|Back to Index|
RUSSIA and the Chilean model
From Moscow, Cameron Sawyer answers Bill Ratliff about the Chilean model: "Even I, ignorant as I am about Latin American affairs, know about the social disturbances having been quelled by military force in Chile prior to the full establishment of the Pinochet regime. But Russians know themselves that you can put down social disturbances temporarily with force – they have plenty of experience in their history. What interests them is why, instead of flaring up again, Chile straightened out. I doubt that anyone thinks that this has anything to do with force. The common view here is that effective market reforms in Chile gradually healed the economy (naturally, with ups and downs, it just doesn’t happen any other way), and that the political and social problems of a society whose economy is growing are vastly more solvable than those of a society mired in poverty. The other salutary effect of a growing economy is that by giving an opportunity for the powerful and ambitious (who exist in every society) to earn money in an honest way, it reduces the tendency of these elements to enrich themselves by theft and corruption.
This model is attractive, and I suppose probably right, but I am not sure that it is unambiguously proved by history. Few non-Marxist historians of Russia have paid much attention to the economic factors in the evolution of Russian politics leading up to the Bolshevik coup of 1917, and in fact the period of 1900-1917 in Russia seems to contradict the Chilean experience. In fact, Russia at the turn of the century was the fastest growing economy in Europe (as she is today, ironically enough), having completed the transition from a very poor and medievally agricultural economy at the time of the liberation of the serfs in 1861 to an advanced industrial economy by the 1890’s, getting through a whole industrial revolution in just 30 years, which brought with it an amazingly rapid rise in wealth. But rising wealth for some reason did not create social peace; at least it did not prevent anarchists and Communists and other radicals from causing very serious problems. It seems hard to believe that the troubles of 1905 can be entirely attributed to the failed war against Japan, or to the pernicious activities of radicals. Something seems to have been wrong with society which wealth did not fix. Could it have been the autocratic rule of Nicholas II? But Nicholas was a benign and gentle ruler, widely beloved among the population (don’t believe what the Communists wrote about him later). And after 1905, Nicholas created a parliament and introduced some democratic principles.
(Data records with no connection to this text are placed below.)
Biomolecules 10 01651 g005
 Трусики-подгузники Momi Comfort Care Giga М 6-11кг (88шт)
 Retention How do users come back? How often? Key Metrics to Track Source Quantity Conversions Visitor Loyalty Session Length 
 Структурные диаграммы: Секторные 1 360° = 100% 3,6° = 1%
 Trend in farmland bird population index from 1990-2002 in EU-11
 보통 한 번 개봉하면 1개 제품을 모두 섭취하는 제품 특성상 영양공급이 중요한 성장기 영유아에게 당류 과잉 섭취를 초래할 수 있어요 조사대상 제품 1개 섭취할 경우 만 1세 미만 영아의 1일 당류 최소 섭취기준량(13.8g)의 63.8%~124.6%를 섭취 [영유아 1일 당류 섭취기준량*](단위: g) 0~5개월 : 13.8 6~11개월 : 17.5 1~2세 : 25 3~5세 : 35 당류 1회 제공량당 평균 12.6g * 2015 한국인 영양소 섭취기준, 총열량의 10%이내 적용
It is hard to understand.
Be all that as it may, Russia today is indeed following the Chilean model (as Russians understand that model) – first and foremost total dedication to "radical, comprehensive and sustained move toward free markets," in Pinera’s words. With the economy growing, the model seems to be working so far. Despite all of the hardships of the past 10 years, there is indeed social peace so far, democracy seems to be working so far, and there is a broad consensus behind the path of reform.